Problems related to their periods that they did not want to discuss with an adult (similar to bed wetting).
Not making friends/being excluded by rest of the group.
Think of themselves as an adult leader and act as if they are one, thinking that rules don't apply to them and trying to boss other kids around.
Becoming 'clingy' to leaders (sometimes because of homesickness).Hope this is of some help and gives you something to think about!
these.city.lights
04-30-2007, 08:32 AM
What about smoking? People around that age are starting to do things like this. Smoking being one of them.
laurathistle
04-30-2007, 08:35 AM
Oddly, this is not a problem I have ever come up against. I am sure other people will have though.
Lily Windsor
04-30-2007, 08:38 AM
Thank you very much. That has given me things to think about.
Anyone else who has experiences, please share. :)
Flukie
04-30-2007, 10:17 AM
One of the biggest things I find is that with this age group, if you give it your all, they will too. They look to see what you are doing - and if you are looking like something is lame, they will pick up on that and RUN with it as fast as they can. But, if you take the silliest activity and give it 110% (even if you have to joke about it because it really IS too young for them), I'd say 99% of the time they will follow. The other 1% - give 'em the "look" and they'll generally grudgingly do it. :)
laurathistle
04-30-2007, 11:00 AM
Oooh, must practice my "look." I haven't used it for a while!
prideeinpynk
04-30-2007, 02:43 PM
These are definitely some of the reasons that I stuck to the littlest age group for this summer.
But I would look back to when you were that age and go from there. I 100% agree with the whole go for it attitude that Flukie suggested. Girls at that age need to know that if they are getting into something that its not going to set them outside of the group, because at that age they are looking to "fit in" first and foremost (at least for the most part).
I would also be ready for some heavy questions, and know your camp's policy and also your personal preference with dealing with said questions. These girls are just becoming teenagers and they are probably going through a lot of changes both in body and in soul. Be ready with a plan on how you're going to deal with questions on love, sex, and growing up, because they will come and you need to be ready to be a strong guiding force for them.
Another issue that you're going to have to address is the smaller age gap between you and your campers. You need to be extra firm in establishing boundaries. Earning their respect is going to be an important part of making the summer go smoothly, and you can do this by standing your ground, being level headed, being a role model in regards to obeying the rules yourself, and treating each girl the same. The moment you waver or begin to show signs of misjudgment they are going to latch onto that and you will most likely lose them.
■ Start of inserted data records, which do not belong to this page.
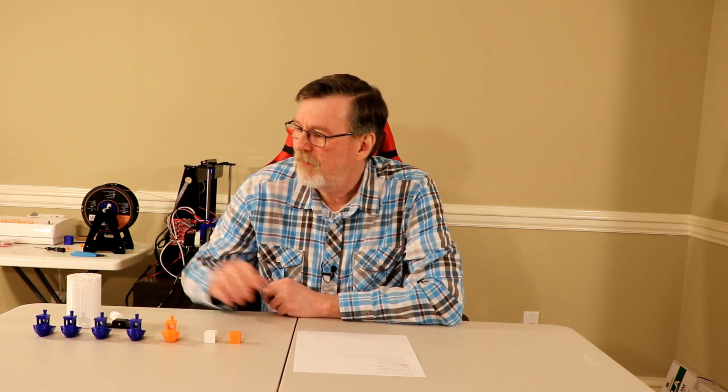Well, welcome back. This is part four of my Anet A8 3D Printing Adventure, and I want to let you know where I'm at, how the A8 has been doing, and what improvements I have done to the A8 to help its print quality.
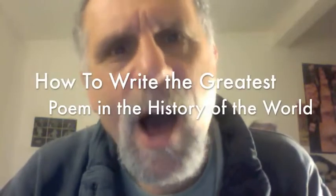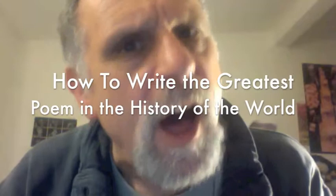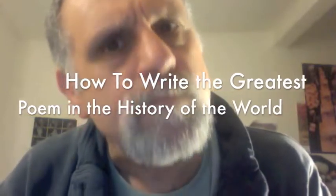Hey, it's Gary Turchin, Poet Laureate of his own Laureatehood. Welcome to the Hood. This is a poem called How to Write the Greatest Poem in the History of the World.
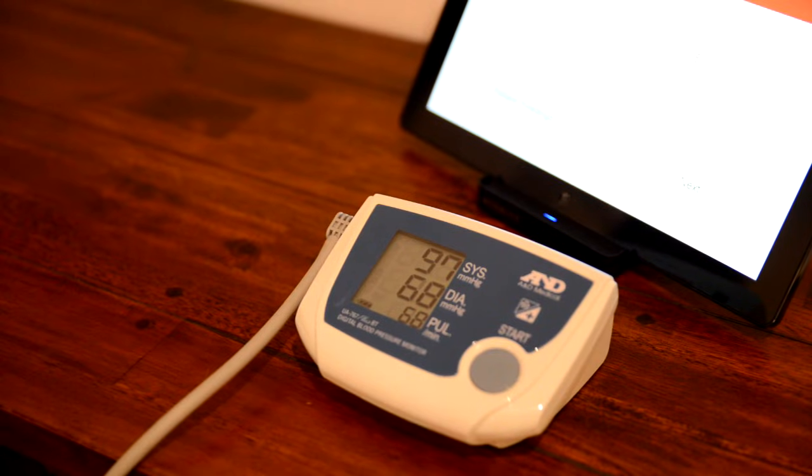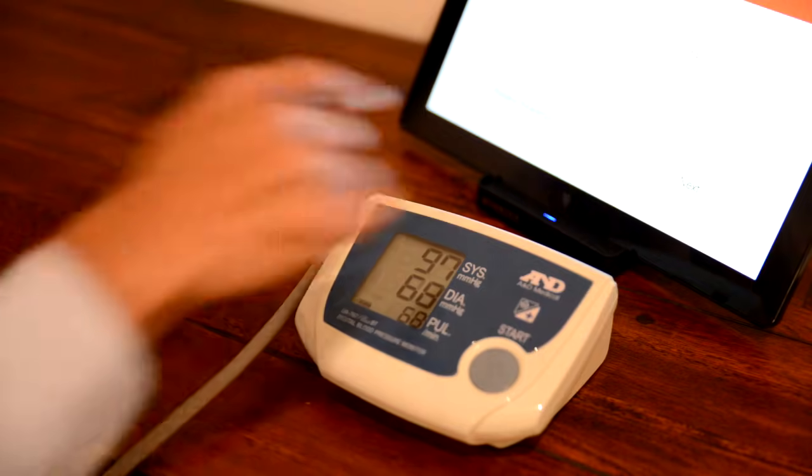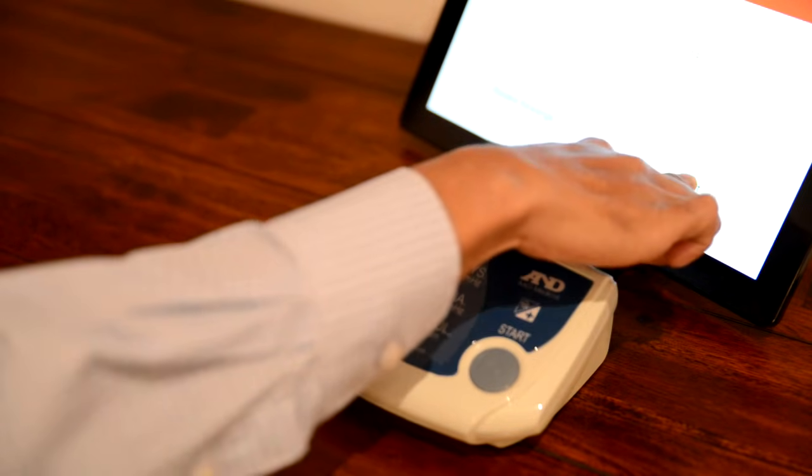Once the measurement is announced from the Telehealth Hub, remove the cuff and press next on the Telehealth Hub to continue.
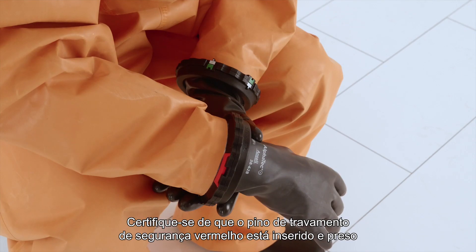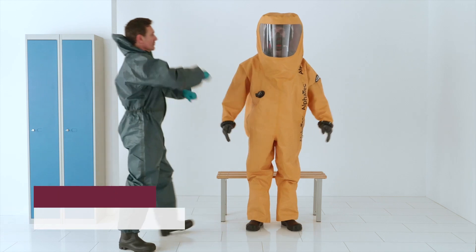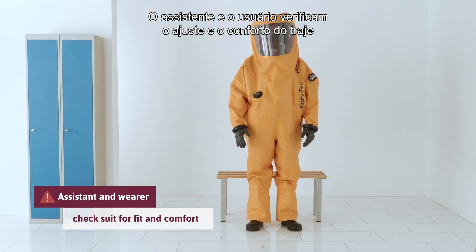Make sure the red safety locking pin is inserted and secured in the bayonet glove ring system.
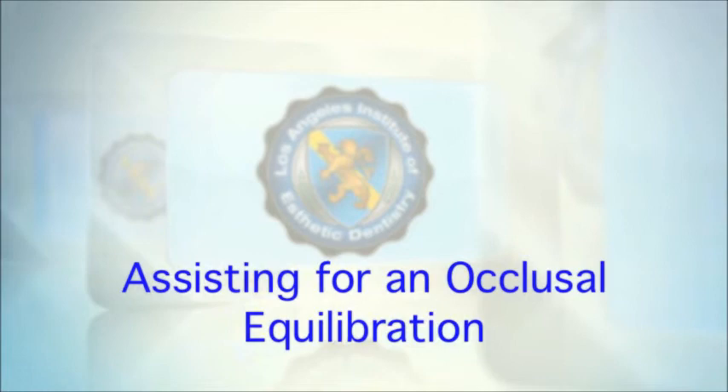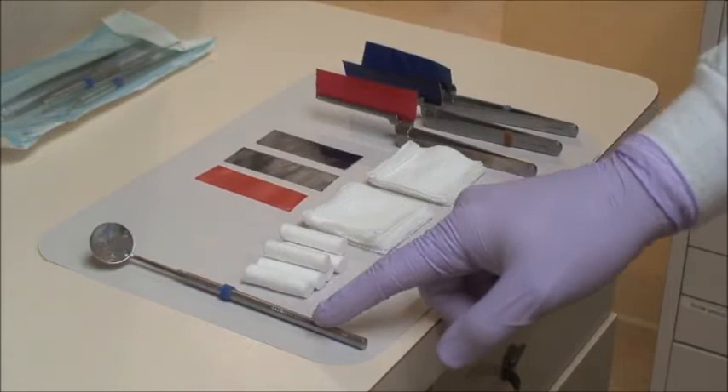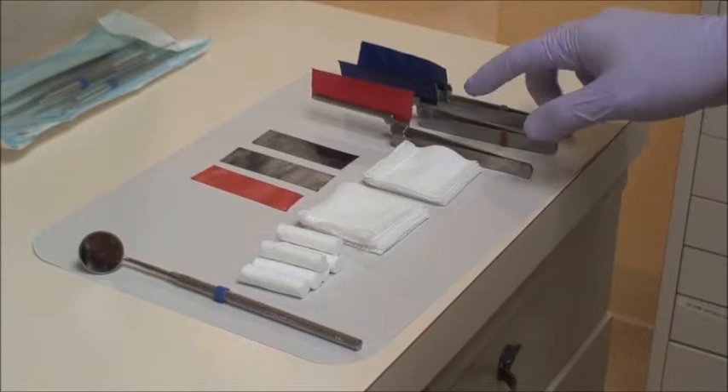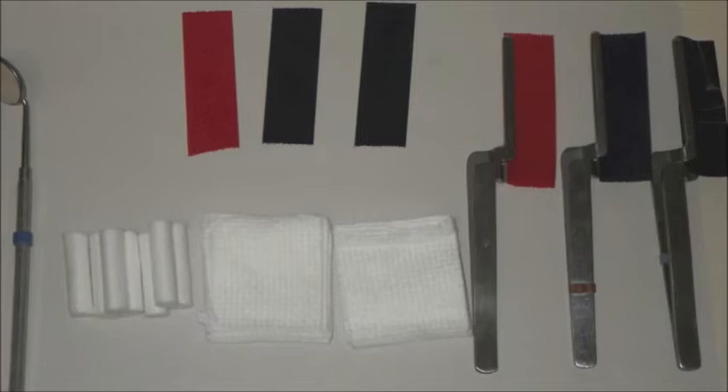Hello, this is Dr. Ruiz. I'd like to share the armamentarium necessary for a full mouth equilibration. You'll need a good quality mirror, plenty of cotton rolls, gauze, and two articulating paper pliers — one for the blue articulating paper and one for the red. I like to have my assistant keep a few spare articulating paper squares ready.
However, so that we're not ending on a bad note, think of everything that you can experience with these girls that those of us with younger campers cannot. They will probably enjoy many of the same things you do (music, movies, books, etc). They have some knowledge of the world, and are able to hold interesting and intelligent conversations (not to say that the little ones won't be interesting, but you know what I mean). They won't be afraid to share ideas of their own because they've had a lot more experience in exercising their voice and their creativity.
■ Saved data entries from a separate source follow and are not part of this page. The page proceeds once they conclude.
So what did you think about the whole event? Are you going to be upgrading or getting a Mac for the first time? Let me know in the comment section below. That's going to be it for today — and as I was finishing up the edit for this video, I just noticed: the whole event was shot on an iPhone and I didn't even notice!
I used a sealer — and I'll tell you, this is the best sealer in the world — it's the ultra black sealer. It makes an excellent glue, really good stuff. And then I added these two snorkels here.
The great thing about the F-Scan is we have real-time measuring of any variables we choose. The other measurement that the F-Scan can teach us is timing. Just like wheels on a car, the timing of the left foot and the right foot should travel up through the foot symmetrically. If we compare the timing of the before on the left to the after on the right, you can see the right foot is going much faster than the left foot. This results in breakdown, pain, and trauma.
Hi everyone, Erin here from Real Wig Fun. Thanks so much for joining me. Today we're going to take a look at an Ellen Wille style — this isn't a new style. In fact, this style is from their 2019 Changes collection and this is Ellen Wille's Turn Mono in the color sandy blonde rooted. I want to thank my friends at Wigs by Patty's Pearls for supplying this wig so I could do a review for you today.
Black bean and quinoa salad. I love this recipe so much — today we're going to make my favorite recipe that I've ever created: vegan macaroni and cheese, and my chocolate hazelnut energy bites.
I'm sure you're summer will be great! :D Have fun with it!
Flukie
04-30-2007, 05:22 PM
prideeinpynk, I completely agree on the benefits of this age group! The older girls are my absolutely favorite age group - I work with 16 and 17 year olds and I love so much about them. You can have some deep conversations with them and know that they get what you mean! They are bright, creative and outgoing young women - and I love that I get to be part of their summer.
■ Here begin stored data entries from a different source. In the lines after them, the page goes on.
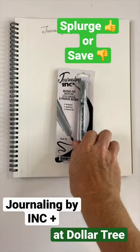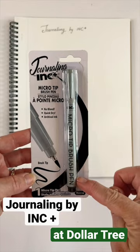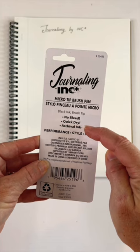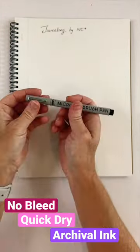The Journaling Pen by Ink Plus is a really great pen that I found at the Dollar Tree. I was really surprised by the quality. They're sold individually, and on the package it says no bleed, quick dry, and archival ink. Well, let's give it a shot.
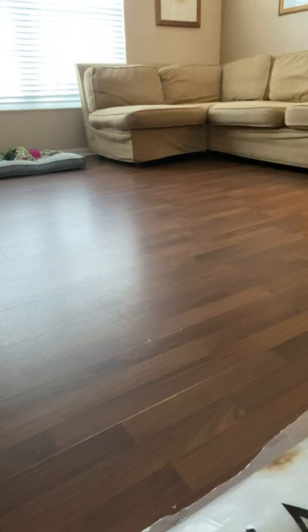Hey folks, Junior here with another video for Junior's Reviews and How-To Videos. In today's video I am going to be showing you how to install an area rug.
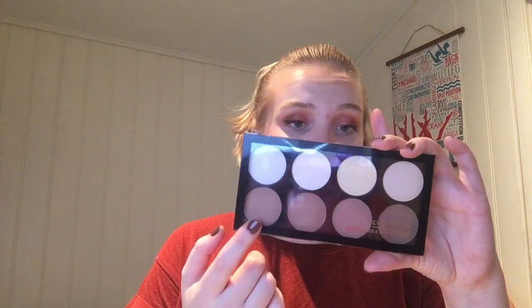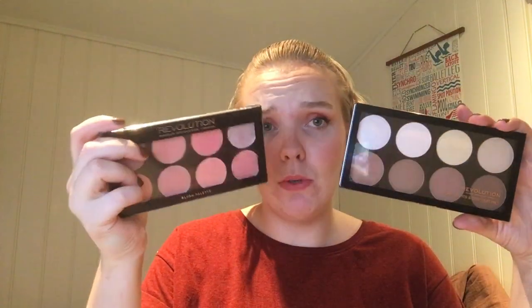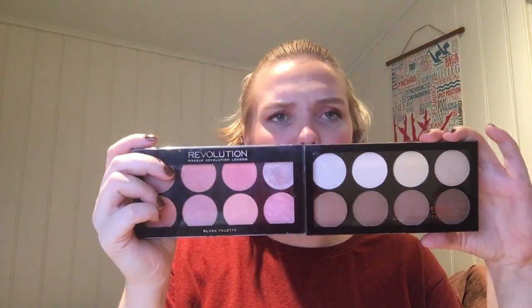Now my next palette is bronzers. This is the Revolution Iconic Lights and Contour Pro palette. These are 1.6 grams each — a little less than in the blush palette, which is odd since it's the same palette type.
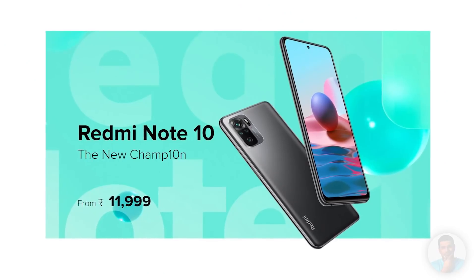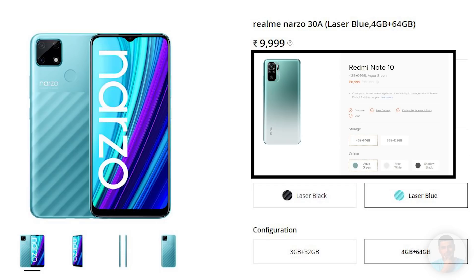That pretty much wraps up the Narzo 30A. It's a decent entry-level phone that's been completely overshadowed by the Redmi Note 10 launch. Technically they're in different price segments — the 30A starts at 9K, the Redmi at 12K — but the 4GB/64GB variants are priced just 2,000 rupees apart. The Full HD+ Super AMOLED display, newer more powerful chip, and quad cameras might just be too much of a temptation to resist. If 9K is your firm budget, the Narzo 30A is a good enough option, but if you can afford to splurge a little more, there are better options.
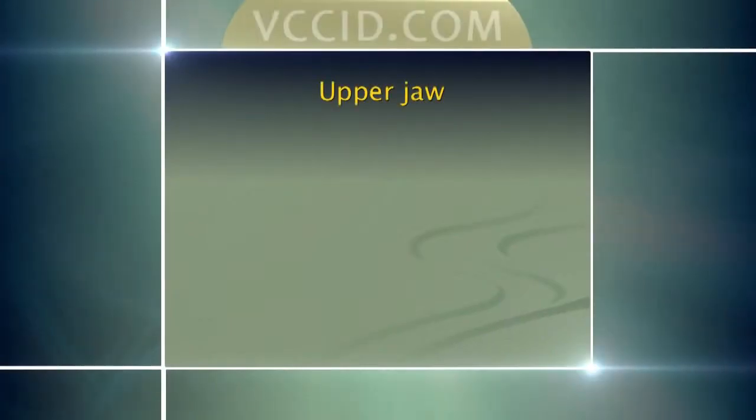Let's look at the upper jaw. The upper jaw is no different, other than the bone quality is different. Whatever we do on the bottom, if we want to do the same thing on the top, we have to be aware that the bone on the top is not as good quality as it is on the bottom.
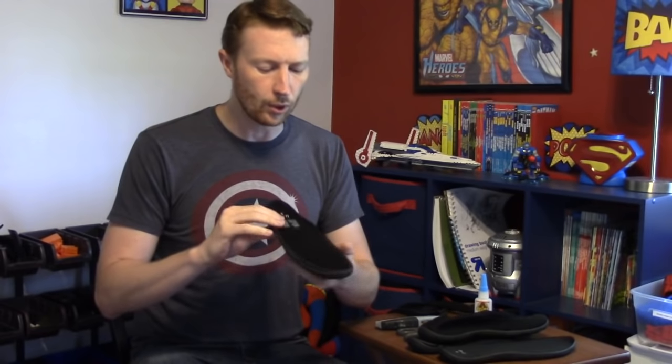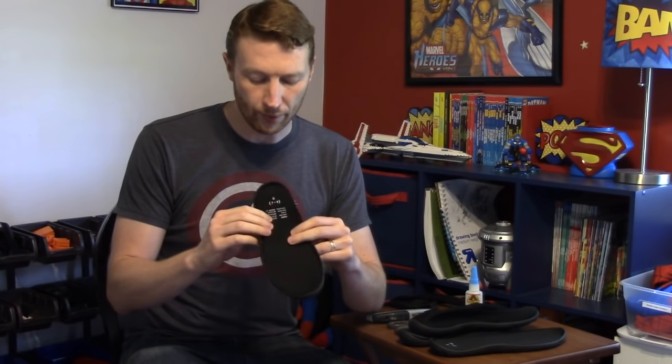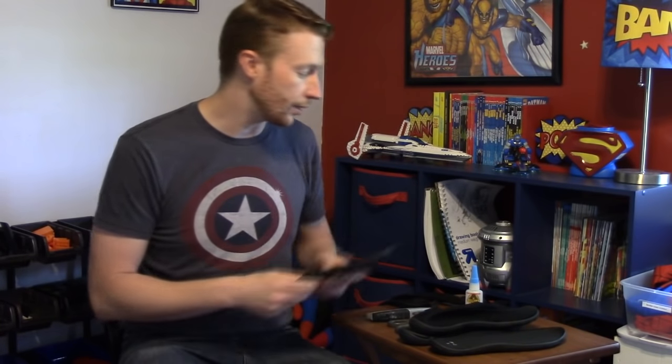Something I want to point out real quick is I always use soles or shoes that are at least two sizes smaller than my foot. Normally I wear a size 10.5 or 11 shoe but for this I buy the small 7.8. That way it sits completely underneath my foot and it's not hanging over the front of the toes and flopping around.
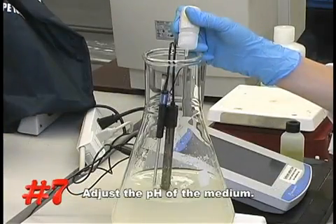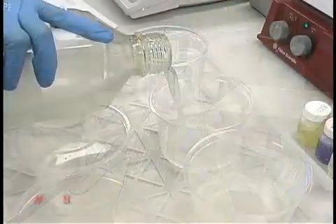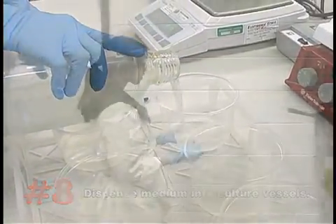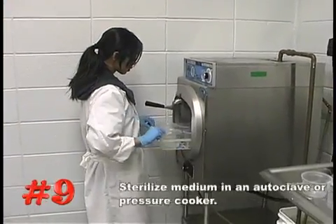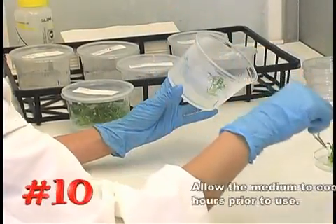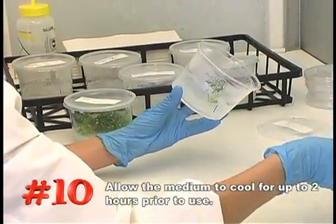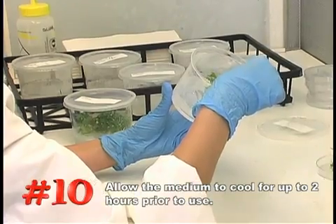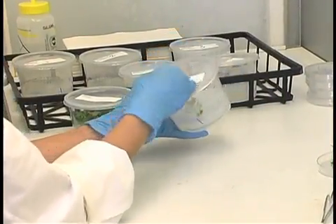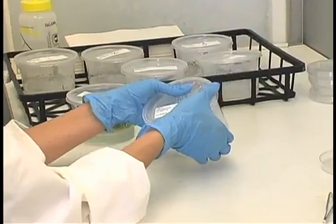Number seven, adjust your pH. Number eight, dispense into final culture vessels. Number nine, sterilize the medium in an autoclave or pressure cooker. Number ten, allow the medium to cool for up to two hours or until the gelling agent is completely solidified prior to use. Following these simple techniques should make your medium preparation process a success.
Little ones also have their benefits - but I love this age group so much!
triplethreat
04-30-2007, 05:43 PM
Another issue that you're going to have to address is the smaller age gap between you and your campers. You need to be extra firm in establishing boundaries. Earning their respect is going to be an important part of making the summer go smoothly, and you can do this by standing your ground, being level headed, being a role model in regards to obeying the rules yourself, and treating each girl the same. The moment you waver or begin to show signs of misjudgment they are going to latch onto that and you will most likely lose them.
This is excellent advice. One of the biggest mistakes counselors make with this age group is trying too hard to be the campers' friend: You are NOT their friend. You are their surrogate parent while they are at camp and you need to behave that way. But that doesn't mean that they shouldn't love you! They should, but as more of a parent or big sister than as a peer.
From my experience, the way you behave in the first few days will set the tone for these girls. Don't be surprised if they test you - they will want to know how much they can get away with! If you are caring and understanding but at the same time make your expectations clear and demand respect, they will quickly "find their place" with you and you will be able to enjoy the rest of your summer without much trouble.
happy_camper
04-30-2007, 08:55 PM
I second everything you guys have said!
Just for emphasis, I would like to repeat what has already been said because it is what I find one of the MOST important things of being a counselor for ANY age group.
Whatever you do with 110%, they will too!
If you are one of those counselors who sit back and watch and not participate, they aren't going to participate. Be excited about everything you do -- EVERYTHING! Even if it's stupid and dorky, it's camp. They will follow your lead. Sing your heart out. Do a dorky dance. You are their role model.
camper
04-30-2007, 09:42 PM
another thing to consider is if these girls have all been going to camp together for awhile and have been together as a "group" for several summers (most of the 14 year olds at my camp are on their 6th or 7th summer at camp and their bunks don't change very much). if this is the case, you have to be prepared to be somewhat ignored for the 1st few days. they'll be settling in and catching up with their friends, and they're probably used to having a lot of different counselors when they, as a group, have remained constant. so until you show them how fun you can be, they will probably (hopefully) be polite, but not overly inclusive. if you jump into camp and ask them lots of questions about camp (for example, "hey guys, that special event day sounds really fun, what happens on that day?") and themselves ("is that your little brother in that picture? he's adorable!") they will take to you.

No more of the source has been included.